# SSOTM - October, 2014 - The Winners!



## M.J (Nov 1, 2010)

Wow, close one this month!!

Here's your SSOTM and runners-up for October:

1st Place: Peppermack - USO​​





​2nd Place (tie): Rayshot - Radiant Maxim​​





​2nd Place (tie): Rayshot - Creosote Laminate​​





​3rd Place: Metropolicity - Iron Man Nibbler​​





​​
How 'bout one guy tying himself for 2nd! :lol:

Great work, guys! :thumbsup:

​​


----------



## Quercusuber (Nov 10, 2011)

LOL!!! Very funny, that awkward tie of Rayshot's beauties!! 
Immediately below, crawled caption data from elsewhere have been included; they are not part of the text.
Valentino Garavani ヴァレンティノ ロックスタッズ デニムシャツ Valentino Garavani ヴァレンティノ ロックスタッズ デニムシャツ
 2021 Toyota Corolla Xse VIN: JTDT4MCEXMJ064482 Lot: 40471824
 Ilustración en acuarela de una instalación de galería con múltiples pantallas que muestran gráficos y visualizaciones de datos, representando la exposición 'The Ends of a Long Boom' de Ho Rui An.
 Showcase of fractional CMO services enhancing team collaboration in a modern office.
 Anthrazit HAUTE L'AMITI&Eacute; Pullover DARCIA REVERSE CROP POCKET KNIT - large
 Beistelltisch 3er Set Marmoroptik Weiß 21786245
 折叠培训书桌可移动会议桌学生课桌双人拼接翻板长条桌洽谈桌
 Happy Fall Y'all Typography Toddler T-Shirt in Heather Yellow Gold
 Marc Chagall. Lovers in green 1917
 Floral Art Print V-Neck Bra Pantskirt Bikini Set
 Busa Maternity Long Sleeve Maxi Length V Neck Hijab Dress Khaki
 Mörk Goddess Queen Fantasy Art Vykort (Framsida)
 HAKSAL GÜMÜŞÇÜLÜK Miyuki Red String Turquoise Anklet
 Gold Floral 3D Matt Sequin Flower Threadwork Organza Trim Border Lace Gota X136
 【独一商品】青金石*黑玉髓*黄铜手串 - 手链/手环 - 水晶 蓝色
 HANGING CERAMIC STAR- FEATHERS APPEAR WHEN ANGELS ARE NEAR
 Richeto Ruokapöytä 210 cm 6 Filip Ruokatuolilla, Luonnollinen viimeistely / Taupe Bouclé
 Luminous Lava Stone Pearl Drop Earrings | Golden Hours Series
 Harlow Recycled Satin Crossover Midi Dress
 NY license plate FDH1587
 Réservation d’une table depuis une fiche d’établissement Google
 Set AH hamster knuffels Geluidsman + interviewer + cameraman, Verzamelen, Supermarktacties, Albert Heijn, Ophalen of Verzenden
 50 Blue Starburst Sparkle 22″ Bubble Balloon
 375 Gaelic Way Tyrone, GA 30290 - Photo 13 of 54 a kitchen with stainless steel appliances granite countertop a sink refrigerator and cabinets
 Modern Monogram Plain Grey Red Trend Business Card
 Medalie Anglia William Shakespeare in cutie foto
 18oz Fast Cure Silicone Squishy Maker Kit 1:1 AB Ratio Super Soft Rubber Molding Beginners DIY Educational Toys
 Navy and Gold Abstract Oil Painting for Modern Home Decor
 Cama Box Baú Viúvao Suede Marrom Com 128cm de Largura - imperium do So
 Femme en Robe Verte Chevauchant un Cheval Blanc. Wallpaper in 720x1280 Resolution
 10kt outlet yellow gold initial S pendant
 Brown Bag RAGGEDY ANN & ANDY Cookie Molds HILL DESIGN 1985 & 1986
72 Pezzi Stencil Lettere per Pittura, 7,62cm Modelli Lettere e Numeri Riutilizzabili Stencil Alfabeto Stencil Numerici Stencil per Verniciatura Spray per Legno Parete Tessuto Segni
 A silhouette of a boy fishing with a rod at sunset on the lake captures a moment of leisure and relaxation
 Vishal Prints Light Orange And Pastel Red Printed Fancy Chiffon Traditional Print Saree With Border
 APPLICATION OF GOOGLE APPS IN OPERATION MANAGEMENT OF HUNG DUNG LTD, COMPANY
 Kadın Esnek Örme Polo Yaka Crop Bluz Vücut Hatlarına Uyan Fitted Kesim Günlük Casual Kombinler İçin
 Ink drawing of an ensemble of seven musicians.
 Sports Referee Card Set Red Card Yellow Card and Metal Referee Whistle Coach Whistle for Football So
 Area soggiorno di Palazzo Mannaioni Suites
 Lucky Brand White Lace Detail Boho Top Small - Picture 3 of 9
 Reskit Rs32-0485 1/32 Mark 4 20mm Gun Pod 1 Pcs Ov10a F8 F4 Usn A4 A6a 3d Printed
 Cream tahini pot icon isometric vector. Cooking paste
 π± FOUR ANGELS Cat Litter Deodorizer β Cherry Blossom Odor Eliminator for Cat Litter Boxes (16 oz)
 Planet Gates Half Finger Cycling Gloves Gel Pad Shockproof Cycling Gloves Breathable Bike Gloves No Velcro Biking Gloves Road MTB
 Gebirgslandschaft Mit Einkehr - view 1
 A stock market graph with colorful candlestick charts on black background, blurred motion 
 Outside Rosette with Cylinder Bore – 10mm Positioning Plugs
EXCELLENT pieces of slingshot-art, all of them!!

Congratulations!!

Q


----------



## reset (Apr 13, 2013)

Way to guys. Your all winners.


----------



## Greavous (Sep 29, 2013)

Nice bunch of shooters again! Congrats to the winners!


----------



## flippinfool (Aug 22, 2014)

Congrats to all!


----------



## devils son in law (Sep 2, 2014)

Congrats! Too bad only one gets top honors!


----------



## peppermack (Dec 10, 2013)

I am honored guys! Thank you everyone. I'm so excited to have won!


----------



## peppermack (Dec 10, 2013)

I also have to give a shout out to Metro for having a hand in helping me design the USO. He helped turn my sketch into that finished product.


----------



## Metropolicity (Aug 22, 2013)

Yay! I'll take what I can get! Thanks everyone and congrats to pepper and ray!!!


----------



## Flatband (Dec 18, 2009)

Amazing work guys! Congrats all around!


----------



## parnell (May 20, 2012)

Congrats guys! A second place tie as a honeymoon gift...not bad.


----------



## kwinpr (Sep 25, 2014)

Fantastic work guys!


----------



## alfshooter (May 11, 2011)

Congratulation, all are excellent works.

Good day.... Alf


----------



## Tentacle Toast (Jan 17, 2013)

All were phenomenal, but congrats to peppermack on his west place!


----------



## Tentacle Toast (Jan 17, 2013)

When does he get his badge???


----------



## Tag (Jun 11, 2014)

It's amazing how much talent there is in the forum. Congrats to all.


----------



## Btoon84 (Nov 22, 2011)

Congrats gents!!! Solid work  Ray, double 2nd!!!!!!!!!


----------



## Pilgrim (May 3, 2014)

Congrats to all!


----------



## Drhanson (Jul 2, 2014)

Congrats to all!!


----------



## peppermack (Dec 10, 2013)

Tentacle Toast said:


> When does he get his badge???


ooohhhhhhhhwwwww.....Badge Me


----------



## mr. green (Nov 3, 2012)

All winners in my book, ..... including the nominees. All very beautiful.


----------



## BeMahoney (Jan 26, 2014)

Well done!

Congratulations!


----------



## Rayshot (Feb 1, 2010)

Wow. I didn't expect mine to be on the SOTM nominations, let alone to be voted so well once I saw them in the nominations. The Creosote shooter nominated and the other from the same raw fork are prizes in my collection.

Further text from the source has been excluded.